By Maxine Scates
Featured art: A Flowering Cactus: Heliocereus Speciosus by Pierre-Joseph Redouté
Life’s police car, lights flashing, on the sidewalk
in front of McDonald’s and two boys on the bus stop,
one boy moving quickly away from the other
who raised his hands and dropped his pack as the officer
approached, gun drawn. But how did the cop know
which one he wanted since both wore watch caps
and gray parkas and carried backpacks? He seemed
certain enough as he handcuffed the boy
then helped him into the back of the cruiser
his now gunless hand almost gently dipping the boy’s head
into what comes next, all we don’t see swallowing him, the
signal changing, day swallowing me until this morning
I remembered this much and how my mother
couldn’t have known that when she said the names over
and over each name, Emil Miney, who played piano
at my Uncle Charlie’s wedding up in Boulder City
where he’d gone to build the great dam, or sad Mary Shields
and her withered leg, became a story bobbing in the current
a tugboat crosses towing a barge where everyone,
even Polyphemus, one-eyed and fierce, has a song or so says
Ovid, and so we listened but sometimes didn’t hear
our own, the postman who lived across the street
and hid behind his dusty curtains, and Emil’s sister Evelyn
and her husband Phil yelling at their kids on Sundays
and two boys not yet born, one stepping away
from the other, we’ll call him Luck, and the other,
Wrong Place, Wrong Time, earphones dangling, stomach
churning, about to step into the part we can’t see.

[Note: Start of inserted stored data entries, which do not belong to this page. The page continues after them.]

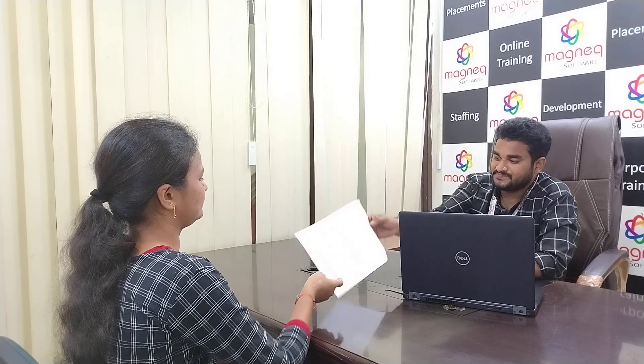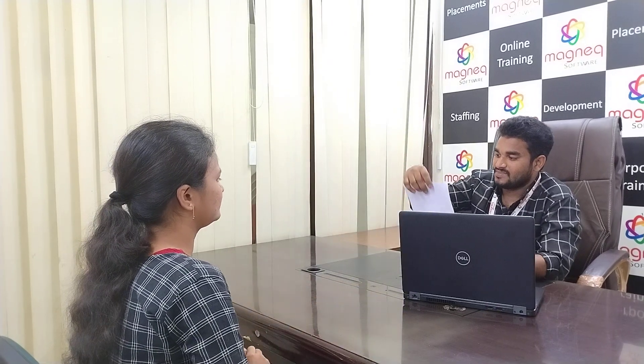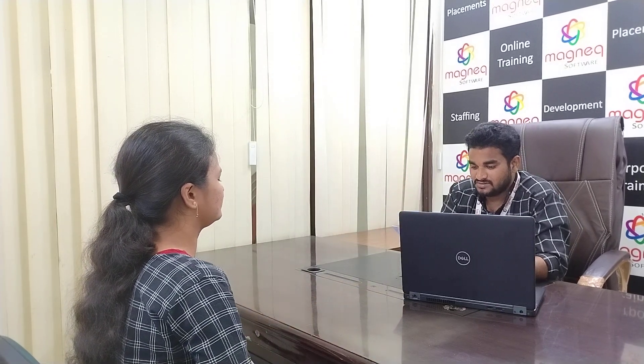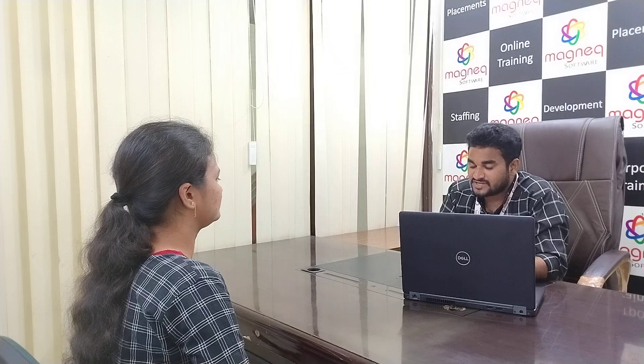Good morning. Can I have a resume? Tell me about yourself.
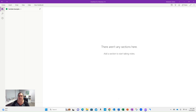Hi everybody. I wanted to take a few minutes to talk to those of you that are just starting out your doctoral studies, just in your first year, in those first few courses, and you're just trying to wrap your head around everything.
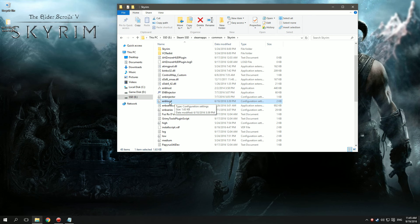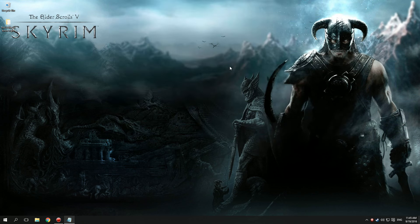Step 9: Use ENBoost. Step 10: Launch your game and crash! You're done!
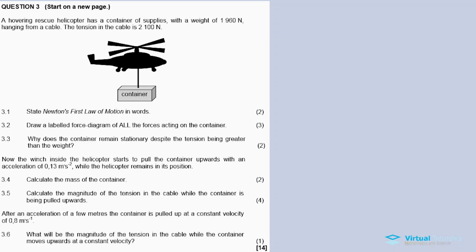In this video we'll discuss Newton's Laws - question 3 on the November 2016 Physical Sciences Paper 1. In the description box of this video is a list of links for other questions. Question 3 covers Newton's Laws.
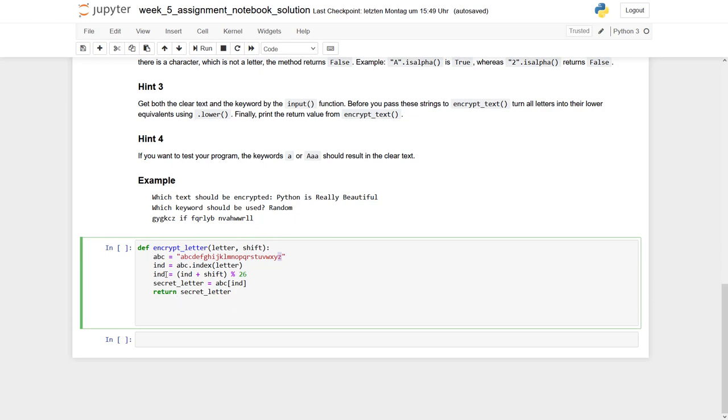And then we assign a new value to index, and this is exactly our initial index plus the shift, and that modulo 26. Why do we need this modulo 26?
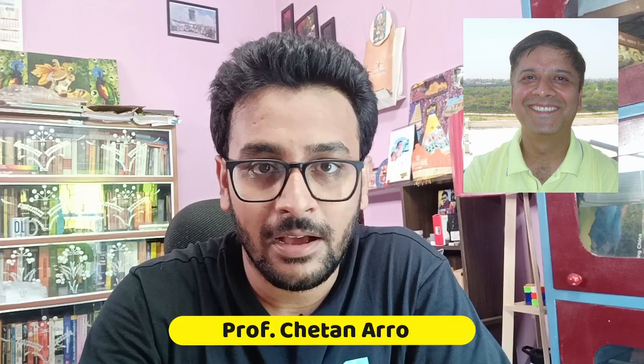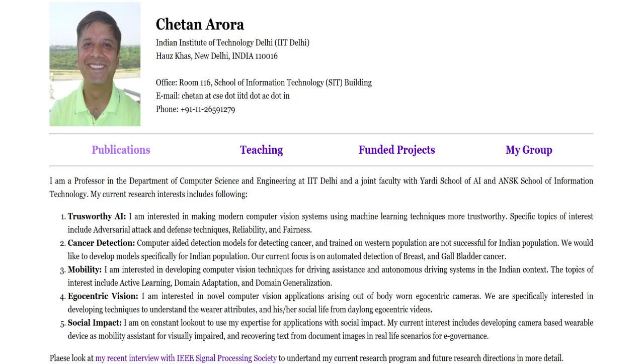Next, if you are interested in computer vision, you can connect with Professor Chetan Arora. He broadly works in the area of computer vision and deep learning and is a professor in the CSE department, also connected with the ERD School of AI. His current research includes trustworthy AI, cancer detection in the Indian context, computer vision techniques for driving assistance and autonomous driving in the Indian context, egocentric vision, and AI for social impact.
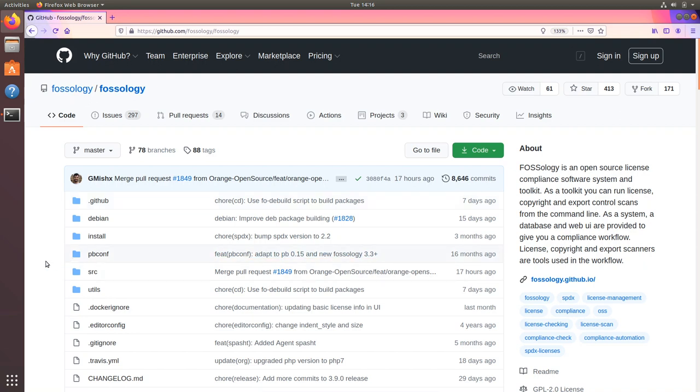Hi, this is Gaurav Mishra from the FOSSology project. Today I will show you how to install FOSSology from source code.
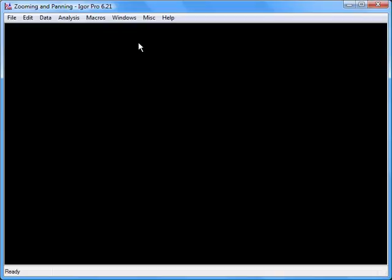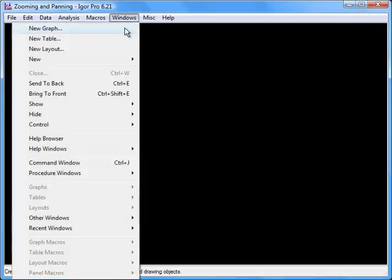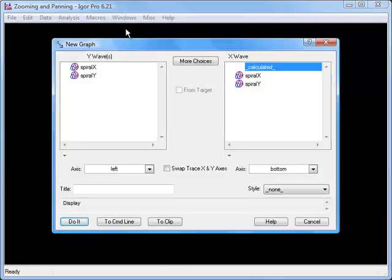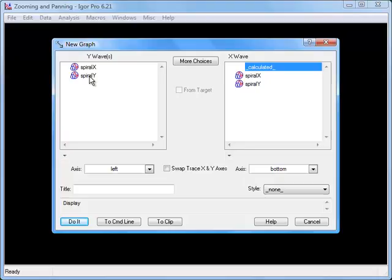First, choose the Windows New Graph menu item. In the dialog box, if necessary, uncheck the From Target checkbox. Next, in the Y Waves list, select Spiral Y.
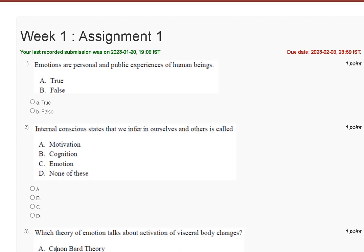Hello guys, welcome to my YouTube channel. In this tutorial video, we are discussing Assignment 1 solution of Emotional Intelligence. Assignment 1 due date is 8th February 2023. Here you can see the first question: emotions are personal and public experience of human being. The explanation of question number one is here.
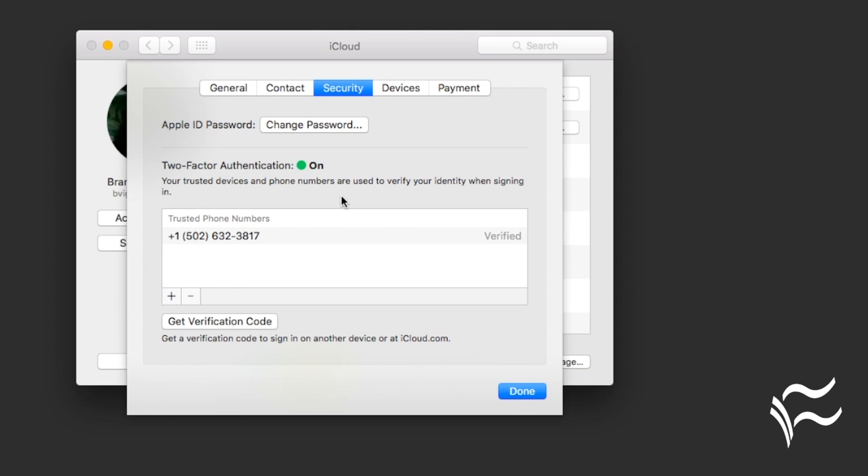So say you log into a new iPhone because you just upgraded. It'll pop that message up on your macOS device and say, hey, you got a new device accessing your account. Verify it's you. You can say yes, it's me. It'll give you a code and you can enter the code that shows up on your computer on your new phone.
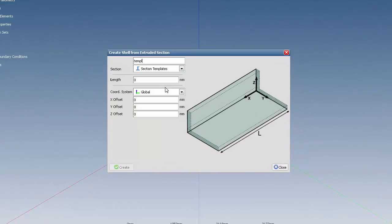Choose the section you wish to extrude, the length, and any translation you wish to apply to it. Click Create.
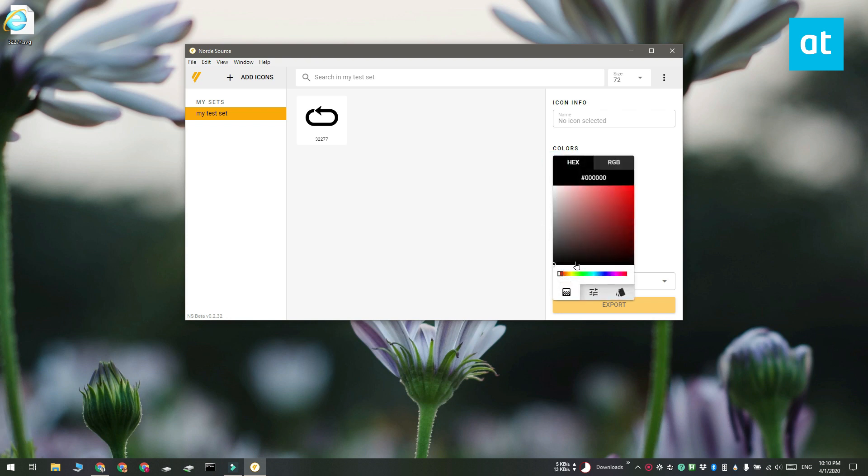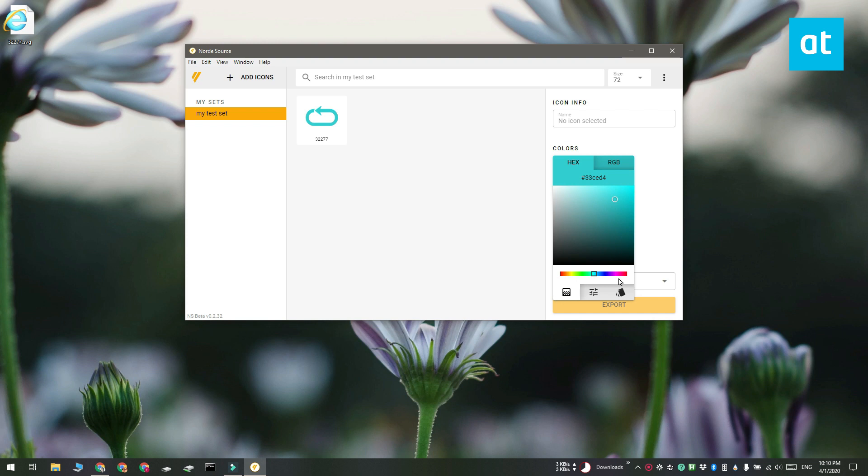Click this color palette here and then select the color that you want to set for the icon. So let's say I want to change it to a shade of red. That's about it.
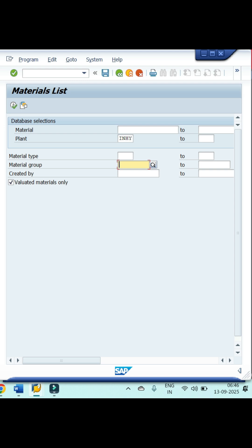If you want to see material created by a specific user, just enter their SAP user ID in the created by field. Otherwise, leave it blank. Finally, make sure to select valuated materials only button. After entering all these details, click on the execute button.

Maxine Scates‘s fourth book of poetry, My Wilderness, is forthcoming from the University of Pittsburgh Press in the fall of 2021. Her poems have been widely published in such journals as Agni, The American Poetry Review, Ironwood, The New England Review, The New Yorker, and Virginia Quarterly Review. She has received, among other awards, the Starrett Prize, the Oregon Book award for Poetry, and two Pushcart Prizes.